Il reste à savoir si le caractère du poëme a la vertu de rectifier celui de l’impiété et de la folie. Mais je ne pense pas qu’on donne tant de pouvoir à la force secrète d’aucun charme. Ce qui est méchant est méchant partout, ce qui est extravagant ne devient sensé nulle part. Pour la réputation du poëte, elle ne rectifie rien, non plus que le caractère du poëme. Le discernement ne se dévoue à personne ; il ne trouvera pas bon, dans l’auteur le plus célèbre, ce qui effectivement est mauvais ; il ne trouvera pas mauvais, dans un écrivain médiocre, ce qui en effet est bon. Parmi cent belles et hautes pensées, un bon juge en démêlera une extravagante, qu’aura poussée le génie, dans sa chaleur, et qu’une imagination trop forte aura su maintenir, contre des réflexions mal assurées. Au contraire, dans le cours d’une infinité de choses outrées, ce même juge admirera certaines beautés, où l’esprit, malgré son impétuosité, s’est permis de la justesse.
L’élévation d’Homère, et ses autres belles qualités, ne m’empêcheront pas de reconnoître le faux caractère de ses dieux ; et cette agréable et judicieuse égalité de Virgile, qui sait plaire à tous les esprits bien faits, ne me cachera pas le peu de mérite de son Énée. Si parmi tant de belles choses dont je suis touché, dans Homère et dans Virgile, je ne laisse pas de connoître ce qu’il y a de défectueux ; parmi celles qui me blessent dans Lucain, pour être trop poussées, ou qui m’ennuient pour être trop étendues, je ne laisserai pas de me plaire, à considérer la juste et véritable grandeur de ses héros. Je m’attacherai à goûter mot à mot toute l’expression des secrets mouvements de César, quand on lui découvre la tête de Pompée, et rien ne m’échappera de cet inimitable discours de Labiénus et de Caton, quand il s’agit de consulter, ou de ne consulter pas, l’oracle de Jupiter Ammon, sur la destinée de la République.

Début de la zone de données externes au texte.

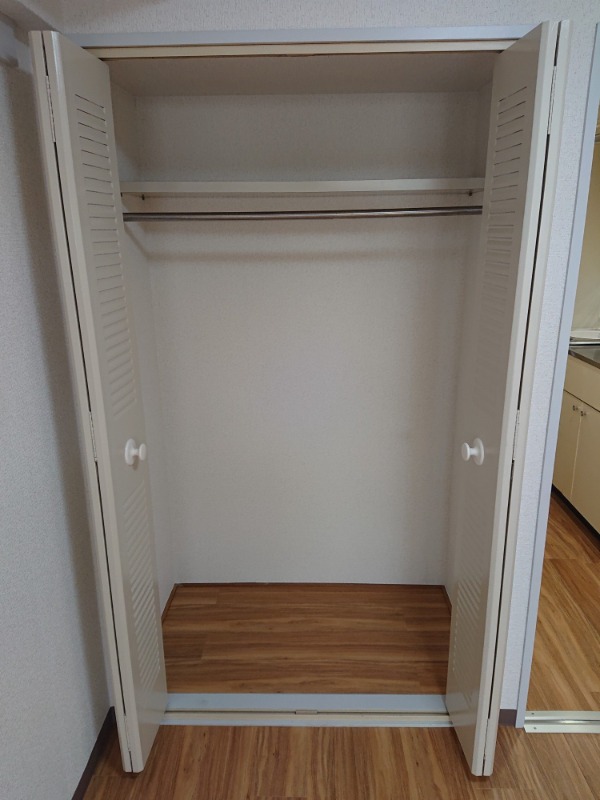 コープオリンピアⅢ2階 収納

Si tous les poètes de l’antiquité avoient parlé aussi dignement des oracles de leurs dieux, je les préférerois aux théologiens, et aux philosophes de ce temps-là ; et c’est un endroit à servir d’exemple, en cette matière, à tous les poëtes. Vous voyez, dans le concours de tant de peuples qui viennent consulter l’oracle d’Ammon, ce que peut l’opinion publique, où le zèle et la superstition se mêlent ensemble. Vous voyez en Labiénus, un homme pieux et sensé, qui unit à la sainteté envers les dieux, la considération qu’on doit avoir pour la véritable vertu des gens de bien. Caton est un philosophe religieux, défait de toute opinion vulgaire ; qui conçoit des dieux les 4 hauts sentiments qu’une raison pure et une sagesse élevée en peuvent former . Tout y est poétique, tout y est sensé : non pas poétique, par le ridicule d’une fiction, ou par l’extravagance d’une hyperbole ; mais par la noblesse hardie du langage, et par la belle élévation du discours. C’est ainsi que la poésie est le langage des dieux, et que les poëtes sont sages. Merveille assez grande, et plus grande de ne l’avoir su trouver dans Homère, ni dans Virgile, pour la rencontrer dans Lucain !
1. Ajax, fils de Telamon.
2. Junon, dans l’Énéïde.
NOTES DE L’ÉDITEUR
3. Diogène Laërce nous a conservé ce mot d’Épicure. M. de Saint-Évremond se sert ici de la traduction de Bacon (Serm. Fidel.,cap. xvi) ; mais en voici une plus littérale : Impius est, non is qui multitudinis Deos tollit ; sed is qui multitudinis opiniones Diis adhibet. Diog. Laërt. Liv. X, § 123. (Des Maizeaux.)
4. Voyez le onzième livre de laPharsale.